Among the conceptual axes that would explain the concept of act, one can postulate an axis of which one of the poles would be the expulsion of a voltage overload that could over time be mentally shaped. The other axis would be the behavioral expression of an elaborate system of representations. The different acts would be placed at different levels of this axis. 

Winnicott writes: "You have to be able to touch, to see, to hear yourself before you can listen and appreciate yourself listening to each other, that is, thinking thinking." The child's actions are vectors of communication in relation to the maternal psyche (or that of the therapist) as a receptor for communication. 

Acting is the first means of communication in the primary relationship to the mother. The therapist receives messages from the patient's body and dreams. That is, the child passes these messages via the filter of his own unconscious psyche and then returns them mentally metabolized by the same bodily transformations. 

Our goal is to allow the passage of a register of action, to register thought by not forgetting that acting can be used defensively against the suffering and anguish associated with the activity of thinking. 

The psychotherapeutic work with such children confronts us with massive transferential experiences whose complexity and intensity seem to us to be specific to this type of clinical experience. 

For F. Guignard and D. Houzel, the transferential movements in psychoanalysis and early childhood therapy are amplified because they have to take into account a multiplicity of elements: the immaturity of the infant's psychic functioning, the special relationships with their significant others, and what we can feel about the parenting issues to which the child is subject. The analyst-the therapist-must take into account the identifying movements in which he is taken in relation to all the protagonists and all the positions in the family. The primary nature of the expression of the very young child, the place of the body and the sometimes very noisy expressions of it require a thorough understanding of the primitive mental functioning and a regression capacity at the archaic levels.
 
Finally, our work of elaboration of the transference must be supported by a putting in words, which is sometimes possible late in treatment, even at its conclusion. The indispensable theoretical articulation must not come to reify the dynamics of the meeting in session. 

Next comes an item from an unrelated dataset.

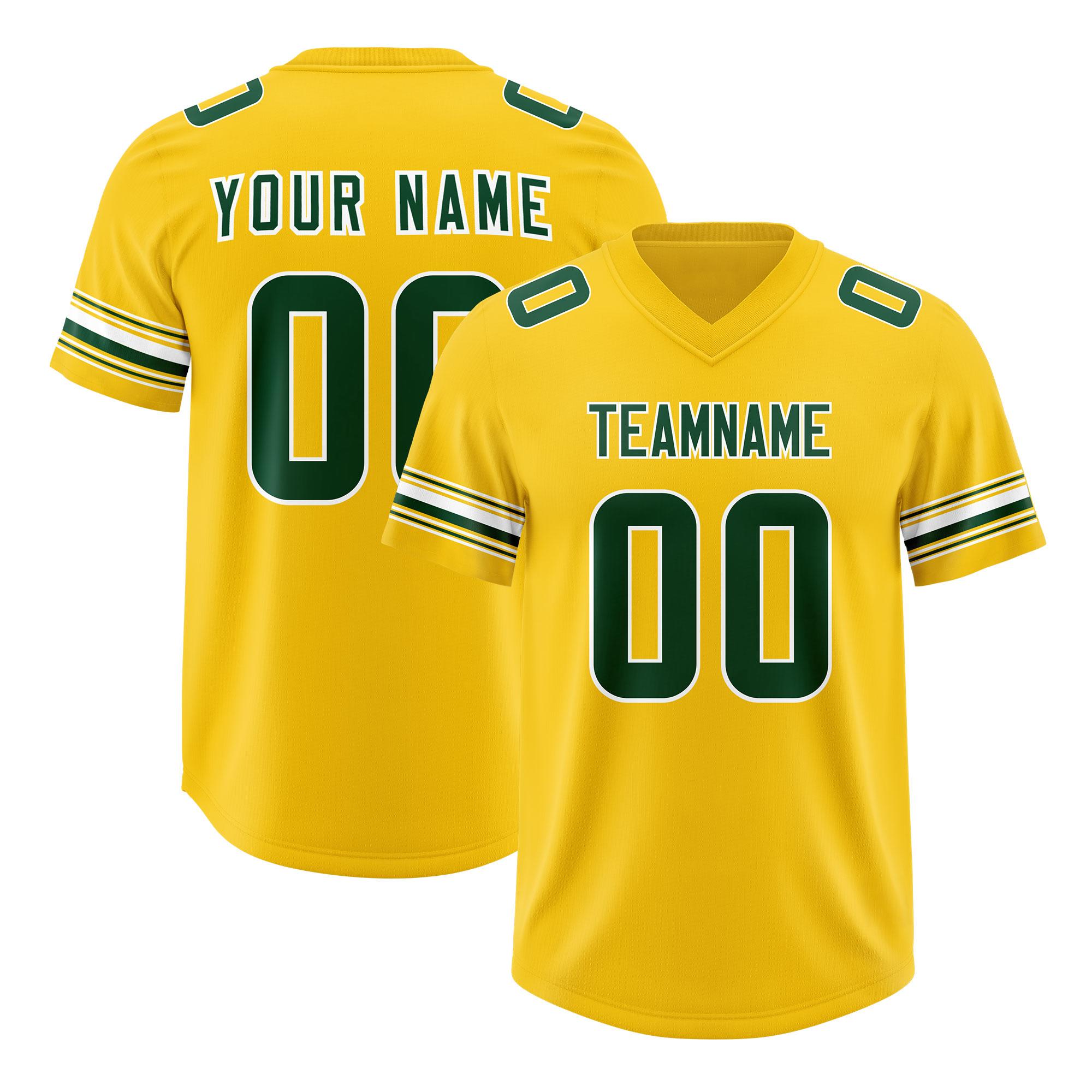 Custom Gold Green Retro Personalized Sleeve Line Authentic Football Jersey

In conclusion, the dynamic integration of the various sensory modalities that gives a harmonious quality to bodily functioning offers the psyche a receptive and structuring cockpit. The therapeutic work with some children, whose disturbance begins very early in life, is defined by the need to give bodily sensations a prerequisite existential status indispensable to any libidinisation of the body. We are here in a problematic where sensations, integration of sensations, and awareness of sensations are not given, but well need to be built. 

The bodily involvement of the patient and the therapist in an act may, in some cases, operate in synergy with mental development, rather than short-circuiting it, and offer itself as living and active data to the underpinning of a more secondary stage of representations, which, as a result, take on an integrative value.